Uzbekistan has often exacerbated regional tension by not hesitating to act in a unilateral manner. In July 1997, the country cut off 70 percent of flow downstream, threatening 100,000 hectares and prompting a riot by Kazakh farmers. Moreover, it has deployed 130,000 troops on the Kyrgyz border to guard the reservoirs straddling the two countries.
Thusfar, the most serious consequence of water mismanagement in Central Asia is the catastrophe of the Aral Sea. The Soviet installation of a cotton monoculture in the region required massive water withdrawals from the two rivers. As a result, the rivers dry up long before they reach the Aral's shore, causing what was the world's fourth largest lake in 1960 to shrink by more than half its size. The shift has altered weather patterns and poisoned the environment, making the Aral Sea basin "one of the world's most staggering disasters of the 20th century," according to the United Nations Environmental Program.

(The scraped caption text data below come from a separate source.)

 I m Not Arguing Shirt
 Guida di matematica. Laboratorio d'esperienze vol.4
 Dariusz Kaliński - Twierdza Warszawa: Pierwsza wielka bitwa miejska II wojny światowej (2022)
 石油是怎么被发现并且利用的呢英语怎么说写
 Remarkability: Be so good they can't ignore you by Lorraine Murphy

With independence, the new states in the region also inherited the catastrophe, known locally as the "Aral tragedy," exacerbated by a population boom and industrial growth. With short histories of statecraft and lots of bad blood between them, the Central Asian states have nonetheless made some progress.

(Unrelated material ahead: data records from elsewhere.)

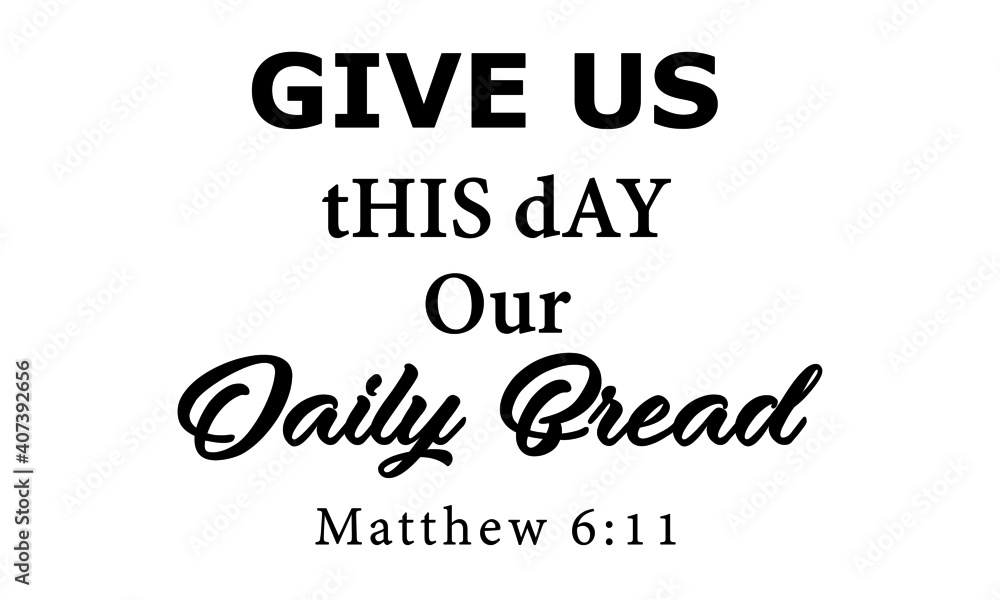 Give us this day our daily bread, Christian Faith, Typography for print or use as poster, card, flyer or T Shirt Give us this day our daily bread, Christian Faith, Typography for print or use as poster, card, flyer or T Shirt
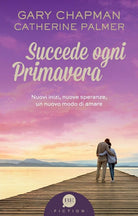 Cover of Succede ogni primavera. Nuovi inizi, nuove speranze, un nuovo modo di amare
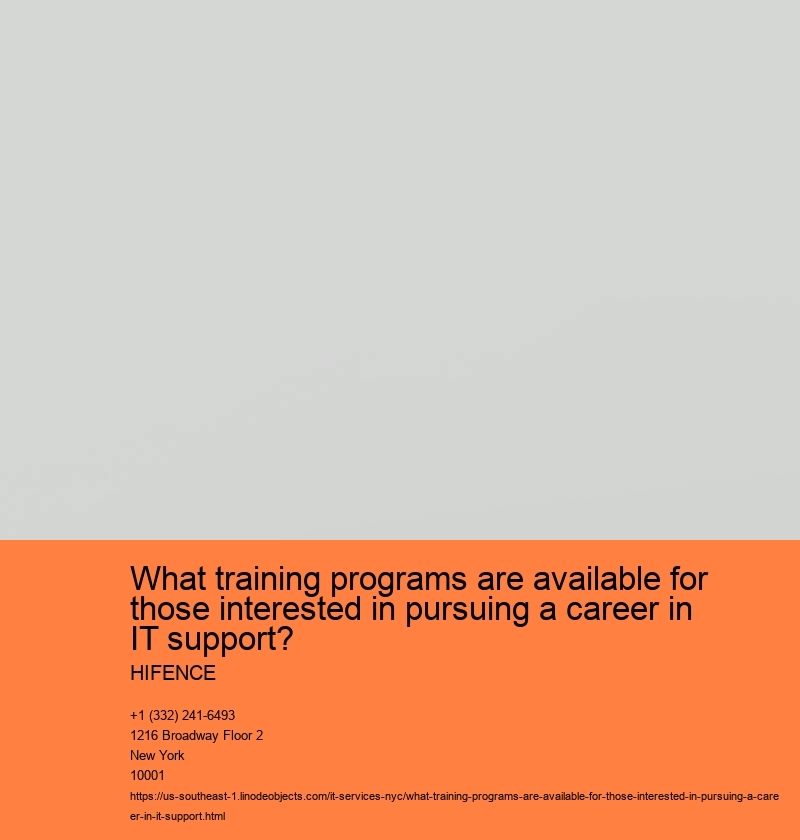 What training programs are available for those interested in pursuing a career in IT support? HIFENCE Certification courses in IT support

The 1992 Water Treaty, the 1993 Kyzyl-Orda Agreement and the 1995 Nukus Declaration all pay homage to cooperation. And water administration has been revamped -- decisions once made by Minvodkhoz (Ministry of Land Reclamation and Water Resources) are now made on the local level (by regional river basin BVOs). These institutional arrangements have great potential for effective region-wide water management.

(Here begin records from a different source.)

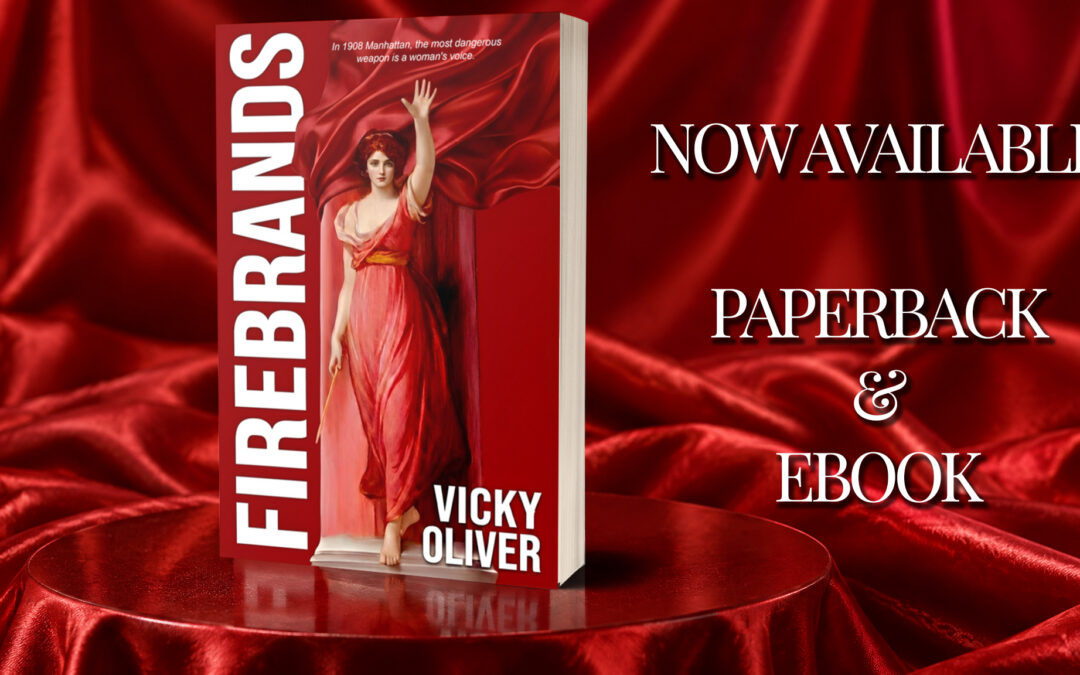 Firebrands by Vicky Oliver now available from Histria Books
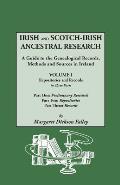 Irish and Scotch-Irish Ancestral Research: A Guide to the Genealogical Records, Methods and Sources in Ireland. in Two Volumes. Volume I: Repositories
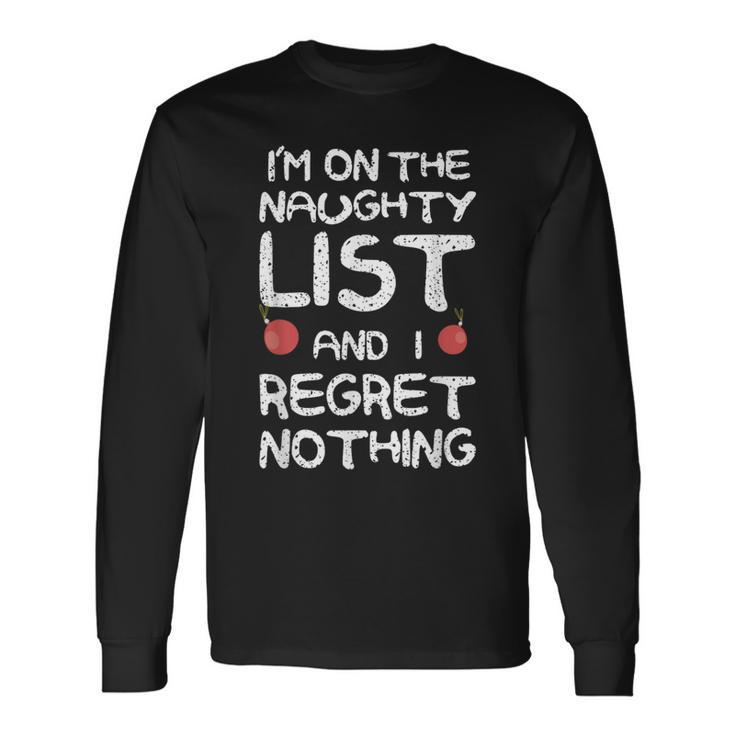 Naughty List No Regrets Long Sleeve T-Shirt Gifts ideas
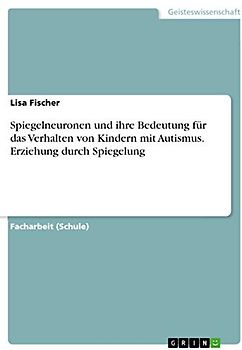 Spiegelneuronen und ihre Bedeutung für das Verhalten von Kindern mit Autismus. Erziehung durch Spiegelung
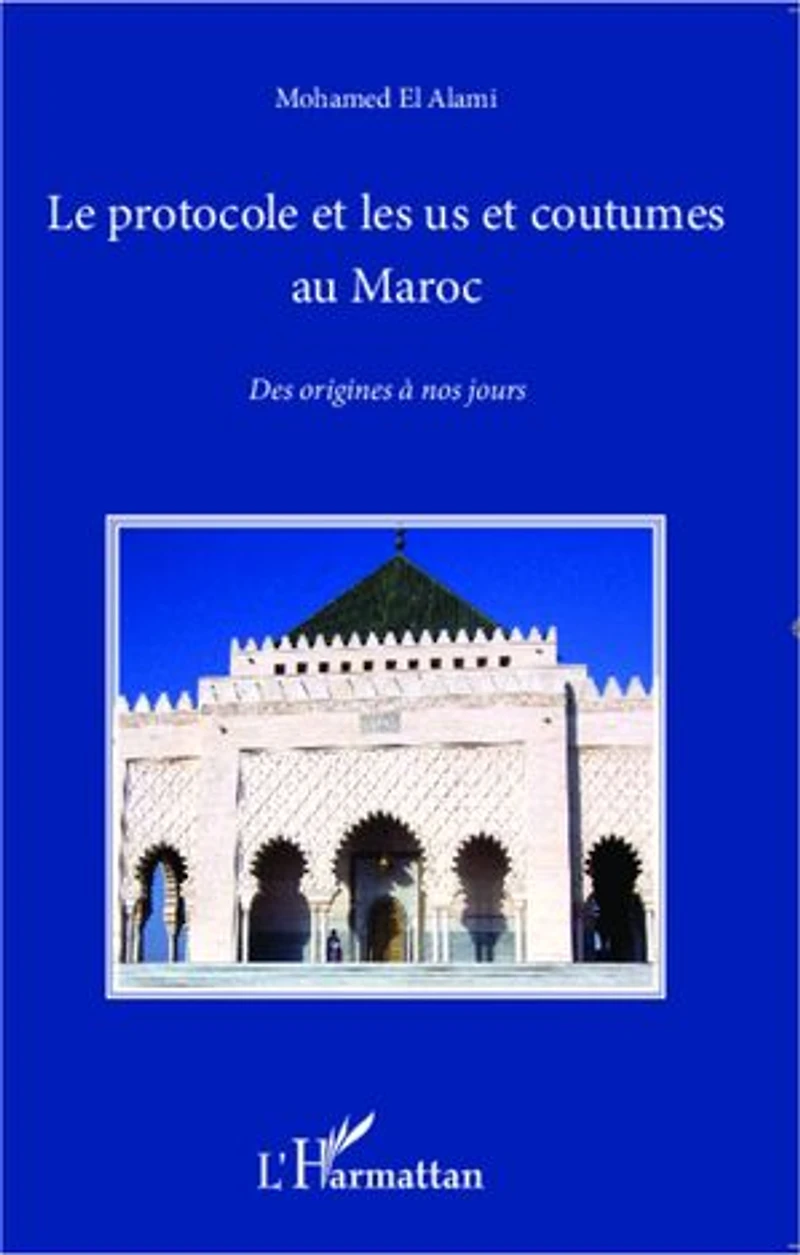 Le Protocole Et Les Us Coutumes Au Maroc : Des Origines À Nos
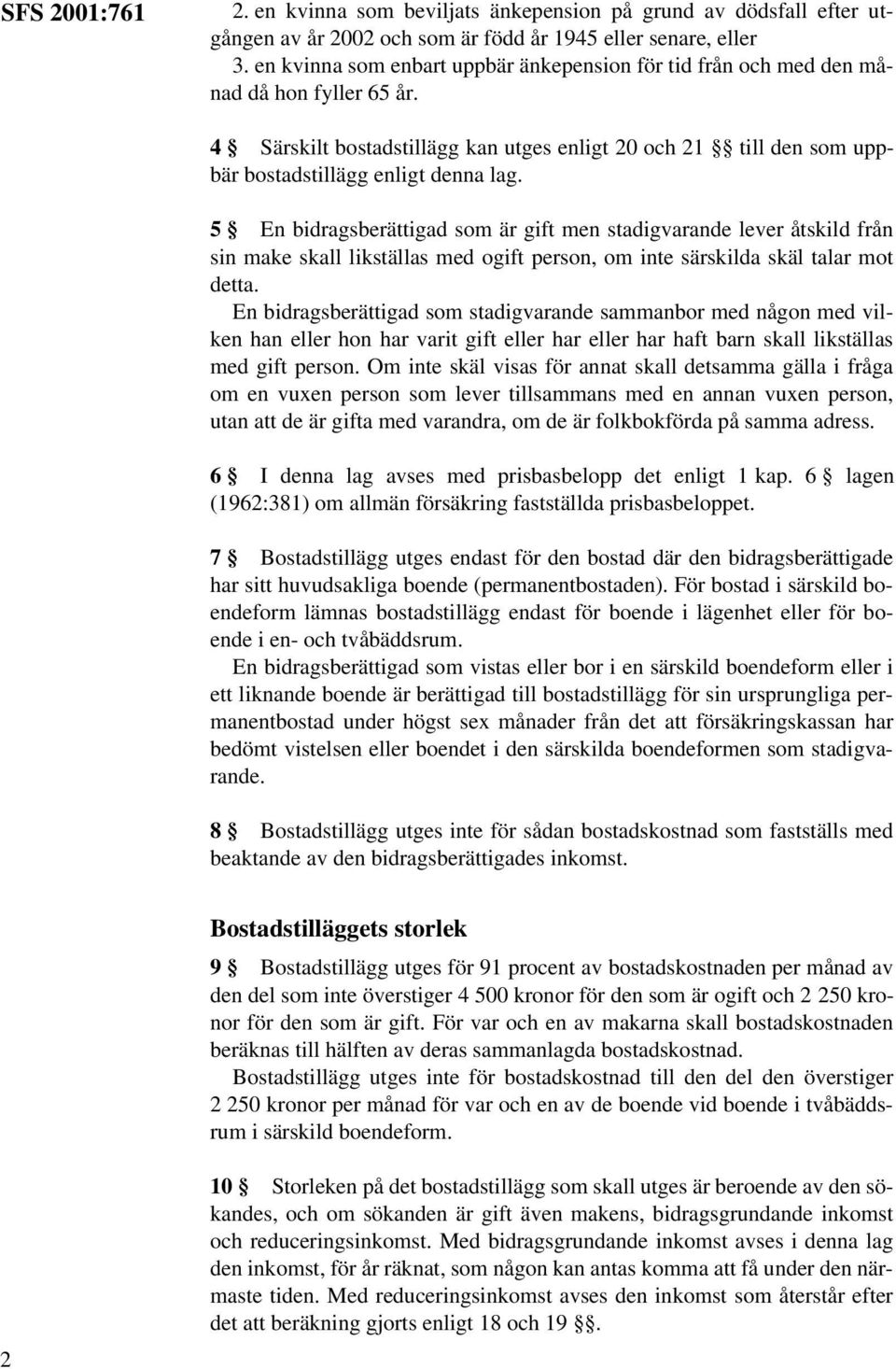 5 En bidragsberättigad som är gift men stadigvarande lever åtskild från sin make skall likställas med ogift person, om inte särskilda skäl talar mot detta.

But the new framework is undermined by the BVOs' lack of funding and legal status. While the states are required to contribute to the BVOs' operating budget at a level commensurate with their river withdrawals, most of the states have shortchanged the authority so far, making only maintenance possible. Moreover, none of the states' legislatures has officially recognized the BVOs' authority, which leaves water management largely up to the states. And finally, the current water allocation levels are the same as the unsustainable levels set by Soviet central planners. Such an arrangement does nothing to relieve the overall water shortage.
Regional leaders are sending conflicting signals about their desire to resolve water-use issues. There are indications that regional leaders are growing increasingly aware of the importance of cooperation in water management. During talks held March 31, Uzbek President Islam Karimov and his Turkmen counterpart Saparmurat Niyazov described the water issue as a "most pressing topic of the current time." At the same time, Niyazov rejected an OSCE initiative in late March to convene an international conference to discuss the water issue. According to Turkmen television, Niyazov maintained that states should rely on the "own potential" and work on a bilateral level to settle water-related issues.
Central Asia has not ignited in the wide-scale resource war that some experts predicted. Early intervention -- and large side-payments -- by international donors may stave off conflict in the near term. Nevertheless, as long as the region's leaders insist on making unilateral decisions that affect their neighbors, water will remain a potential source of conflict in Central Asia.
Bea Hogan writes on Central Asian political and economic affairs.